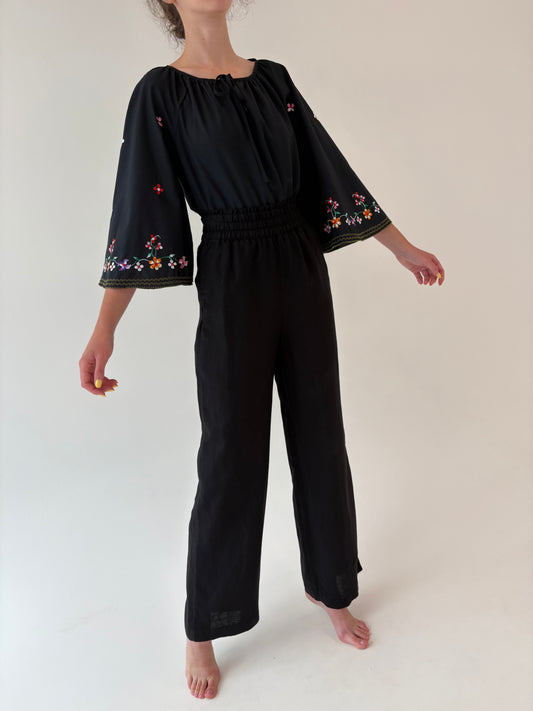 Pantaloni negri tall in croi spre palazzo din in cu talie ultra înaltă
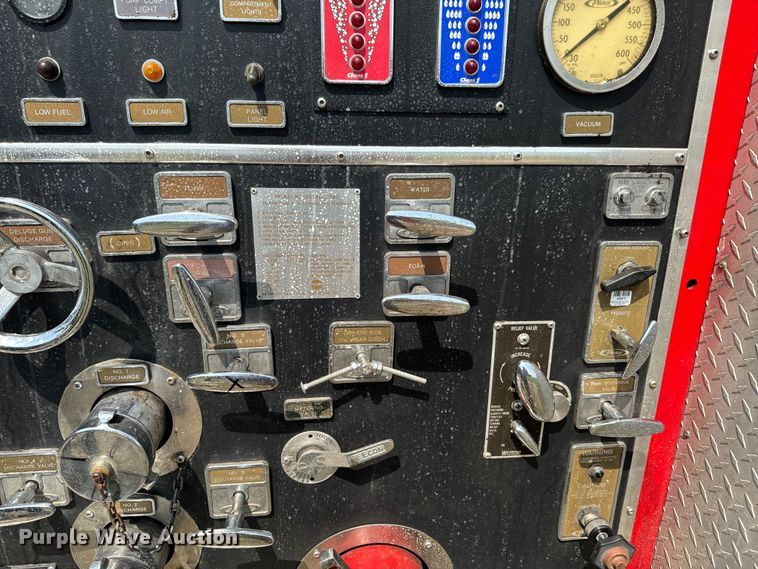 image for item DX0946 1988 Pierce Arrow pumper fire truck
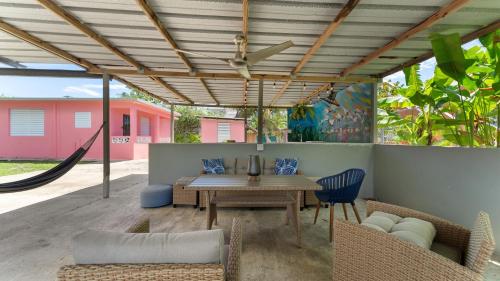 Coral Casa just one block from the beach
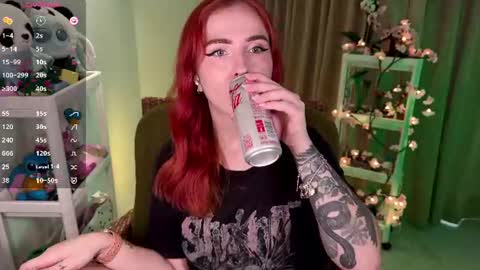 Snapshot of shyfoxxxy chatting on 06-27-26, 08:30 Effie online show from 06-27-26, 08:30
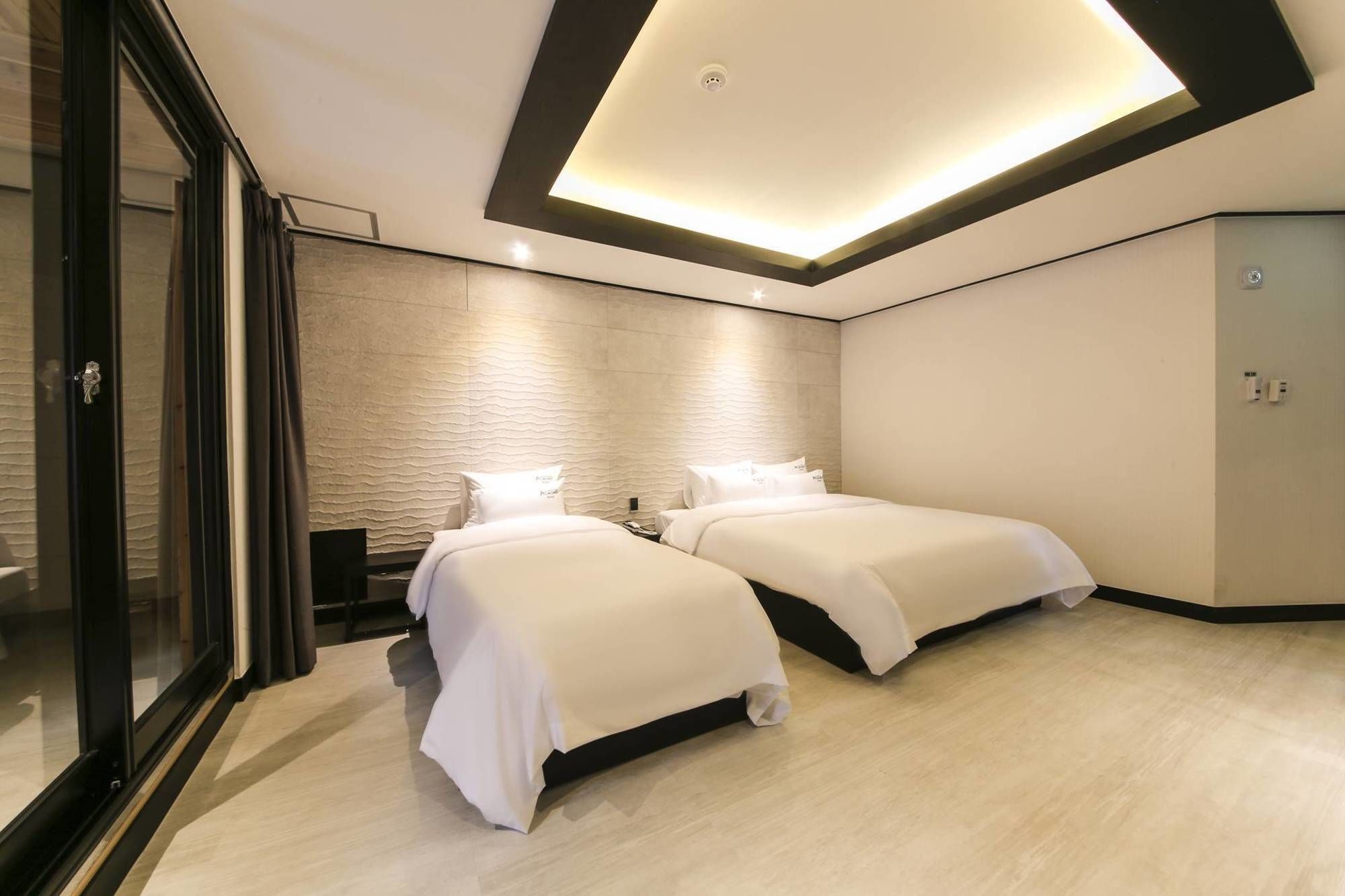 Almond Hotel Gupo Station Busan Exterior photo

※

### What you are asked to do
An exact copy of the records is required. Pictures do not belong in it.

### Result of this exercise
 Pantaloni negri tall in croi spre palazzo din in cu talie ultra înaltă
 image for item DX0946 1988 Pierce Arrow pumper fire truck
 Coral Casa just one block from the beach
 Snapshot of shyfoxxxy chatting on 06-27-26, 08:30 Effie online show from 06-27-26, 08:30
 Almond Hotel Gupo Station Busan Exterior photo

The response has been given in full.